### WORK INSTRUCTIONS
The expected result is a verbatim repetition of the lines from the start of the entries through the line containing "카누 대회 참가자들은 온갖 반칙으로 1등을 차지하려 한다. 노란돼지 제공", with the pictures removed.

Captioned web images
· · · ·
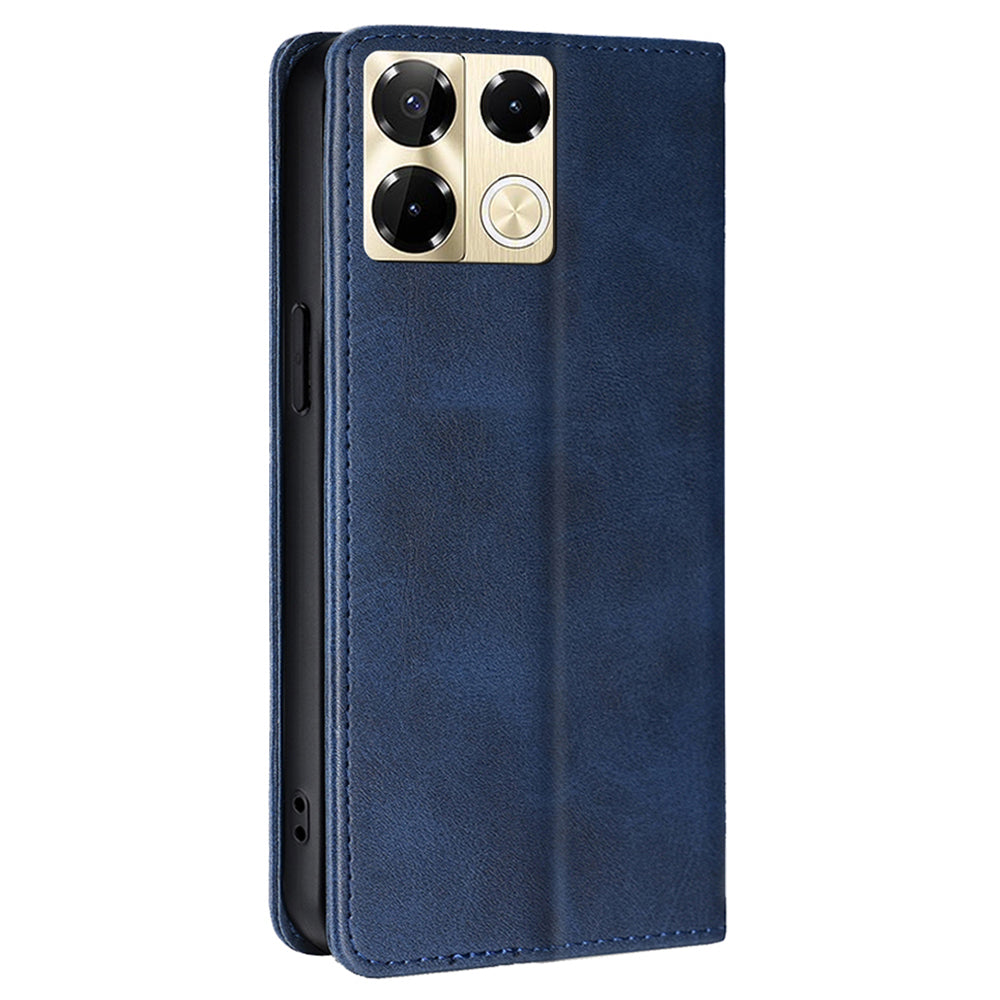 For Transsion Infinix Note 40 Pro 5G Case Magnetic Calf Textured Leather Phone Cover - Sapphire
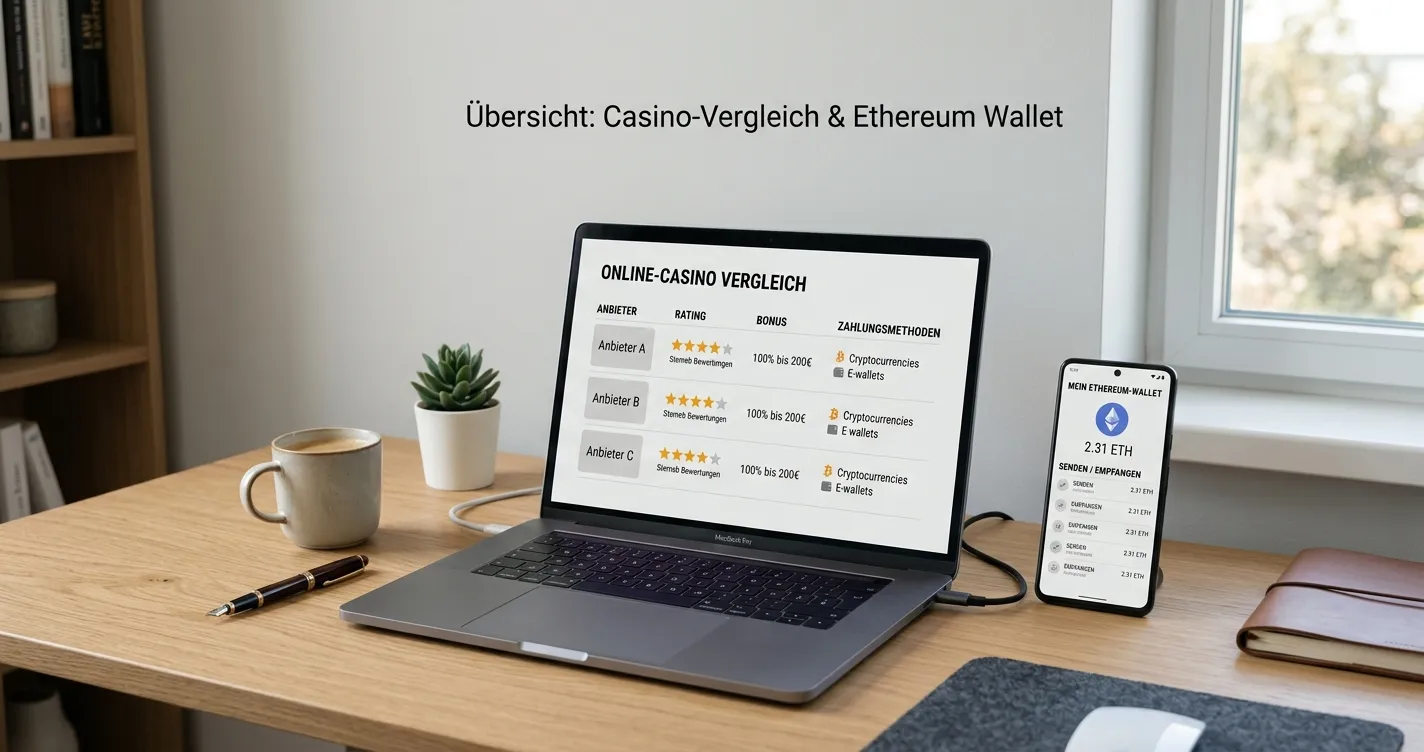 Ethereum-Wallet neben einem neutralen Casino-Vergleich auf einem Schreibtisch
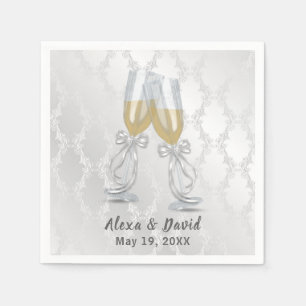 Wedding Champagne Toast On Damask  Napkin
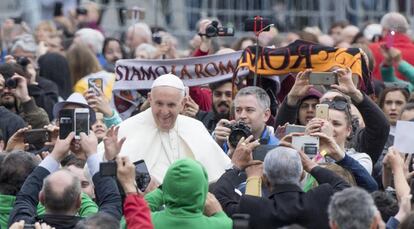 O papa Francisco nesta quarta-feira na Praça São Pedro.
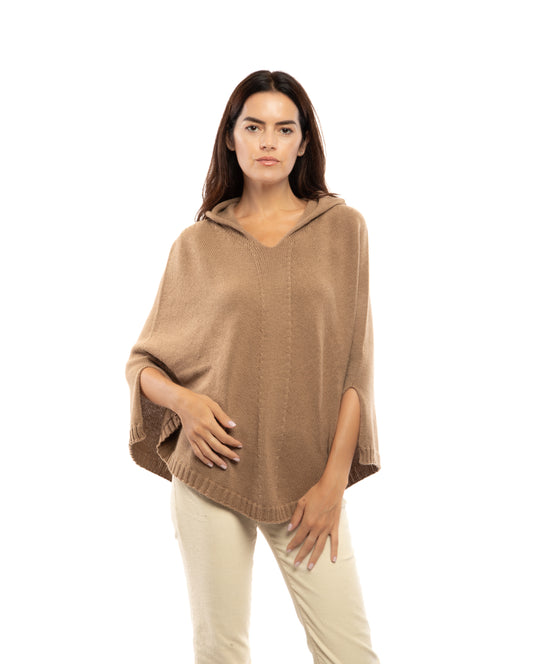 Hoodie Poncho Pure Cashmere Camel Made In Italy 1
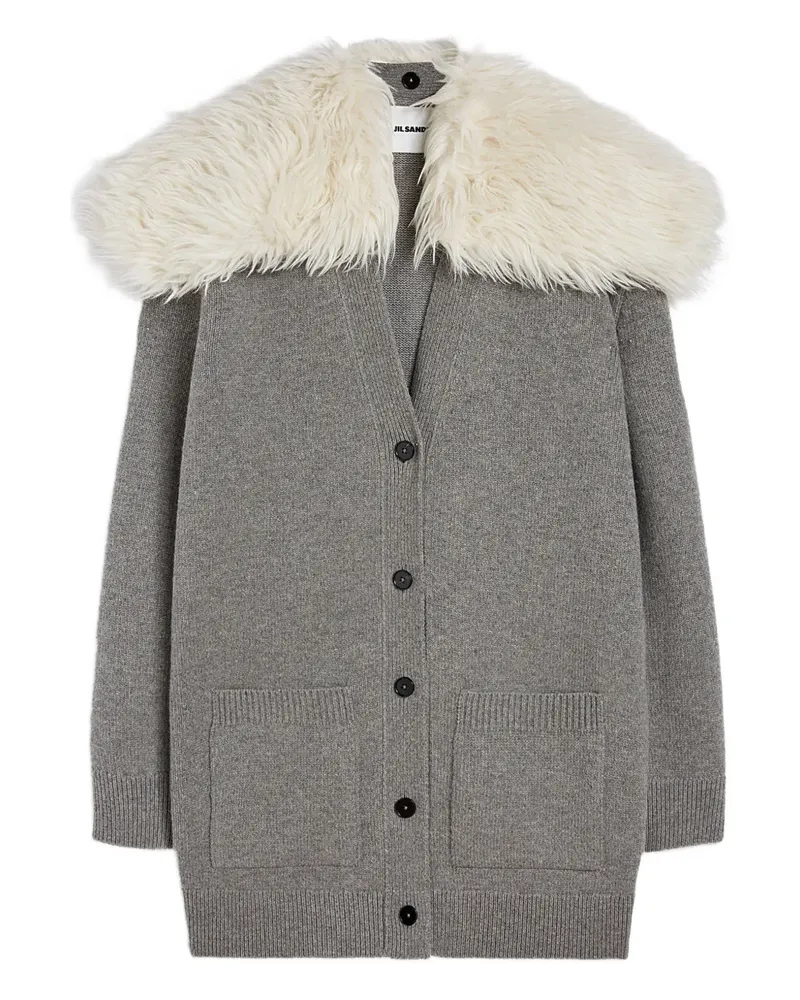 Jil Sander Strickmantel mit V-Ausschnitt - Grau Grau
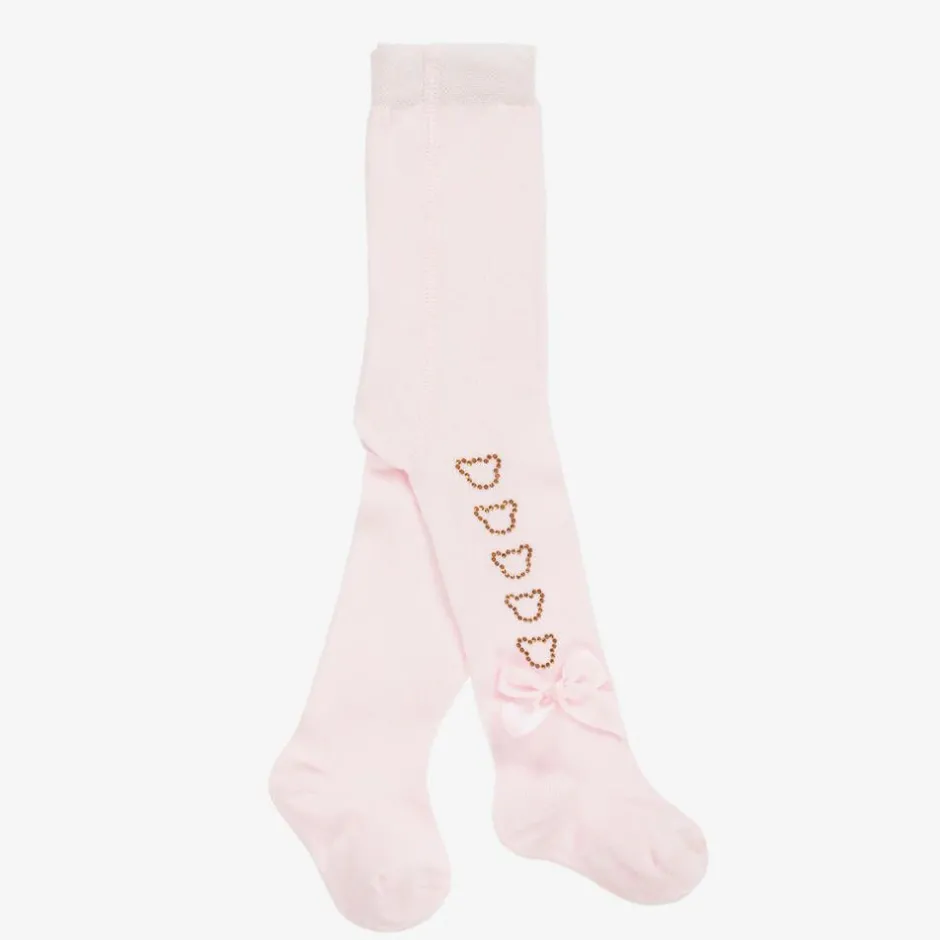 A Dee Baby Girls Pink Knit Bear Tights Best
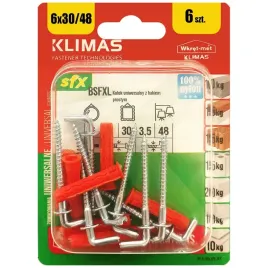 kolki-uniwersalne-z-hakiem-prostym-6x48-blister-6szt-klimas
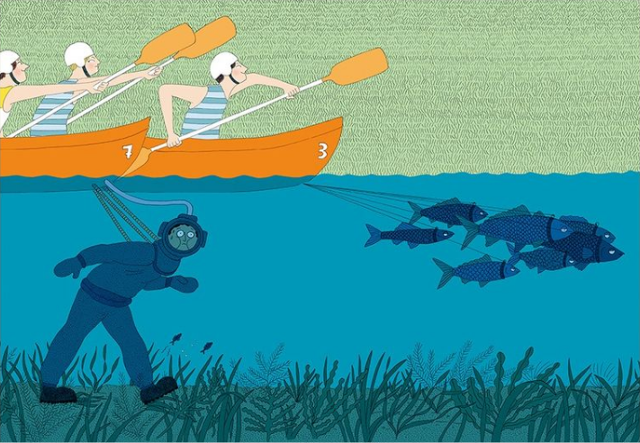 카누 대회 참가자들은 온갖 반칙으로 1등을 차지하려 한다. 노란돼지 제공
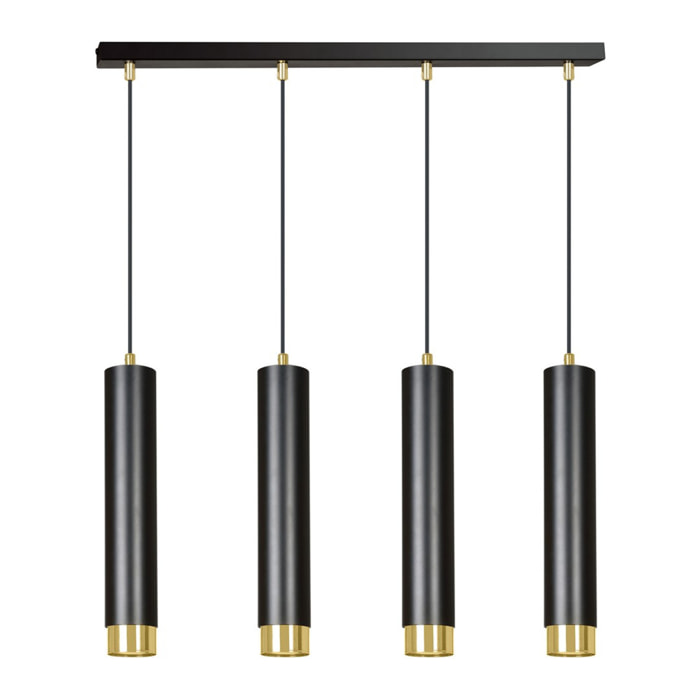 Lampada a sospensione KIBO in acciaio nero opaco e oro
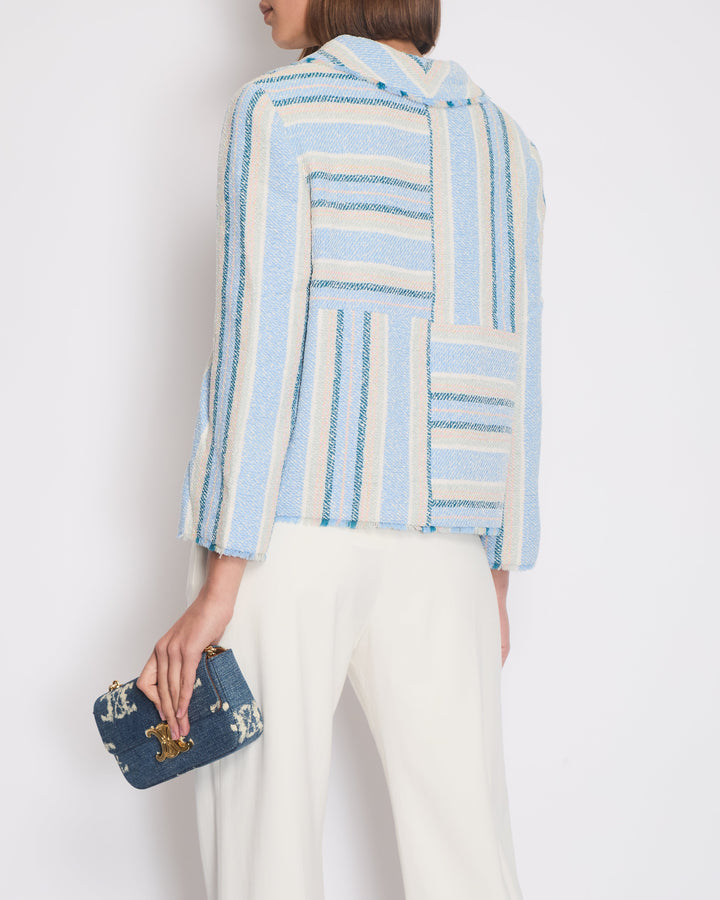 Top Quality Chanel 00/C Blue and Green Striped Tweed Jacket with Transparent Blue CC Logo Button Details Size FR 46 (UK 18)
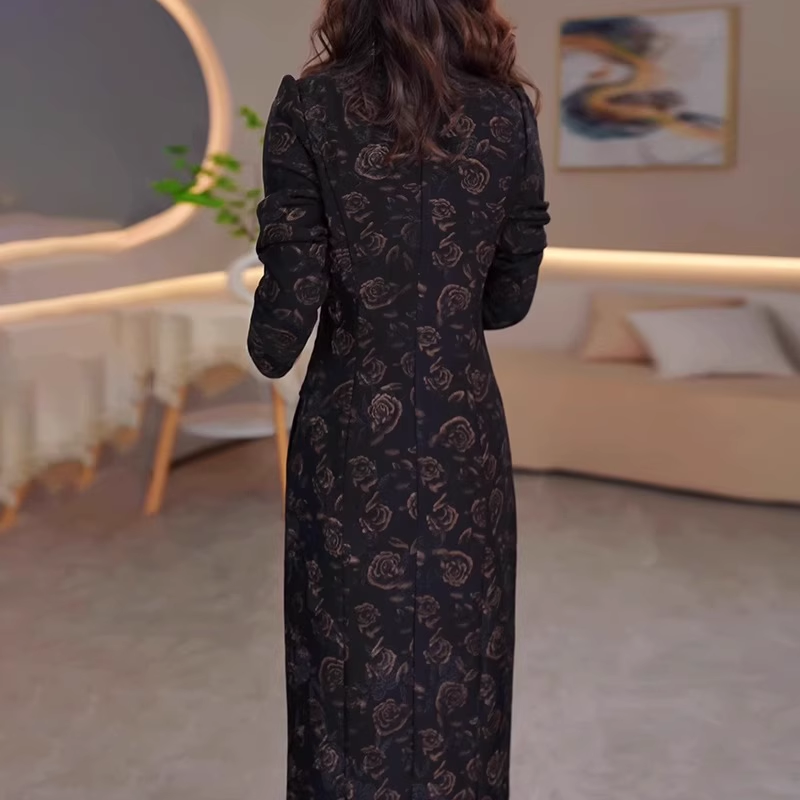 15558-Đầm dáng peplum suông đen in hoa nâu ( lụa)_thumbnail_3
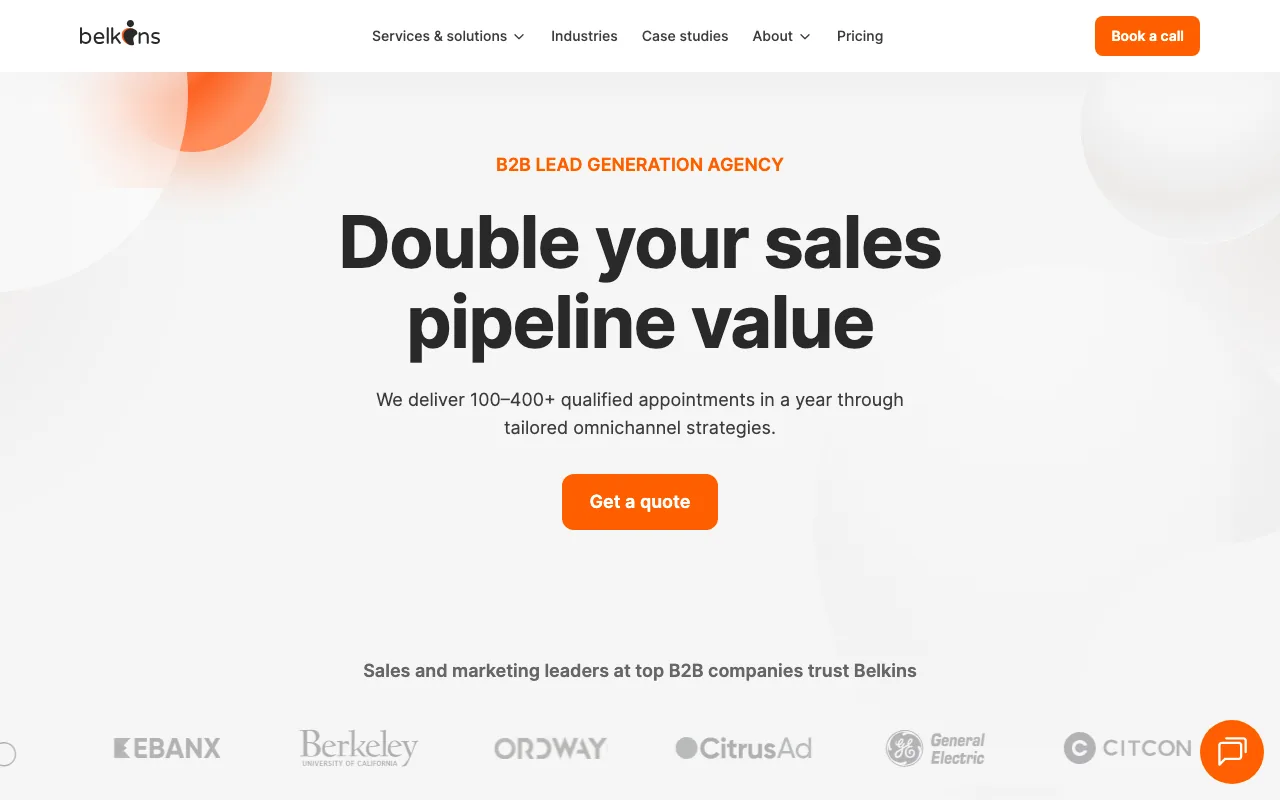 Belkins homepage screenshot — B2B marketing agency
· · · ·
### SOLVED PROBLEM
 For Transsion Infinix Note 40 Pro 5G Case Magnetic Calf Textured Leather Phone Cover - Sapphire
 Ethereum-Wallet neben einem neutralen Casino-Vergleich auf einem Schreibtisch
 Wedding Champagne Toast On Damask  Napkin
 O papa Francisco nesta quarta-feira na Praça São Pedro.
 Hoodie Poncho Pure Cashmere Camel Made In Italy 1
 Jil Sander Strickmantel mit V-Ausschnitt - Grau Grau
 A Dee Baby Girls Pink Knit Bear Tights Best
 kolki-uniwersalne-z-hakiem-prostym-6x48-blister-6szt-klimas
 카누 대회 참가자들은 온갖 반칙으로 1등을 차지하려 한다. 노란돼지 제공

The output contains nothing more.